I mentioned in conversation to someone today that I've lost almost 20 lbs (hit down 18 lbs a couple days ago) and am still losing (I have 130 lbs to go lol). She was impressed and asked if I could share how I'm doing it. I explained CICO, that I was weighing and measuring the majority of my food, and that meal prep was helping me immensely. I explained that I was focusing on reaching my weight goal before I added in exercise so it didn't feel overwhelming. I told her about the app I use to track calories and several subreddits, including this one, that have helped encourage me to stay on track.

She said that all sounded great, but it was harder for her because she didn't have a husband, so she didn't have as much time. And she started talking about how she'll go from one job to the next and have to stop to pick up food in between jobs, or she'll prep food but forget it, etc.

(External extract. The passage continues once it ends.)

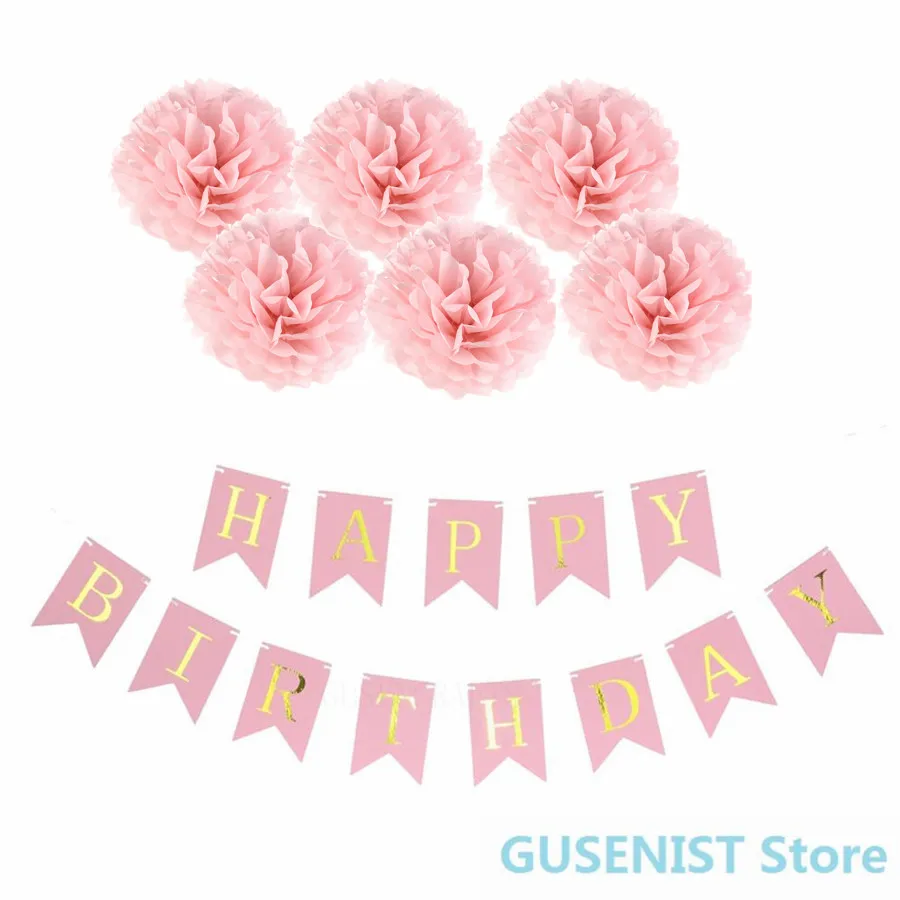 Wedding Decoration Paper Tissue Tassel Hanging Garland Birthday Party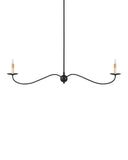 Saxon Black Linear Chandelier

I lost weight while in grad school. I was on campus from the morning until late evening. My then fiancé was hundreds of miles away and I was constantly working, in class, or studying my brains out. I had time for NOTHING. But every day (or night before if I was really on it), I packed enough food for sometimes all three meals and more snacks than I would need. And days that didn't happen (because yeah, it happens, we've all been there), I made choices that fit my goals. It wasn't easy. But I did it. That's essentially what I told her. I've been there. I've been single and crazy busy. But I did it.

Here's what I didn't tell her that I wish I had: being married changes nothing. It often makes staying on track harder. Between my two jobs and volunteer positions, I work more than full time. And many of my hours are worked before the sun comes up. And, my husband and I share a car, so drive him to and from work and often spend over an hour in a Wendy's parking lot waiting for him to tell me he's off work (don't even go here please lol). I'm constantly driving, constantly surrounded by temptation and opportunities to go off track.

I'm constantly exhausted. When your main job starts at 3 am, you're never not tired. But I still make time to prep and freeze enough food to last me for a couple weeks of dinners (and the instant pot makes it super easy). My husband is hardly home and when he is, he just wants snacks. I still make it work. Just because he's eating something or a certain amount of something, doesn't mean I have to match it.

That job, that situation, that relationship status, or whatever that thing is you wish you had doesn't always make things easier or better. Marriage is work. A job is still work, even if it's your dream job. A goal takes work. All of us on this sub could write a post like this, talking about every barrier in their life that makes working towards your goals harder. There will always be an excuse. Weight loss takes effort. It takes discipline. It takes saying no to certain things because they don't fit your calories for the day. It takes turning down a night out or sleeping in so you can hit the gym. It takes making sure you're prepared for a busy day away from home. It. Takes. Work.

You are always going to find an excuse. At some point, all of us have to or have had to realize that we have to be stronger than our excuses. You don't have to eat the elephant all in one day. Take it one bite, one babystep, one day at a time. You'll be glad you did.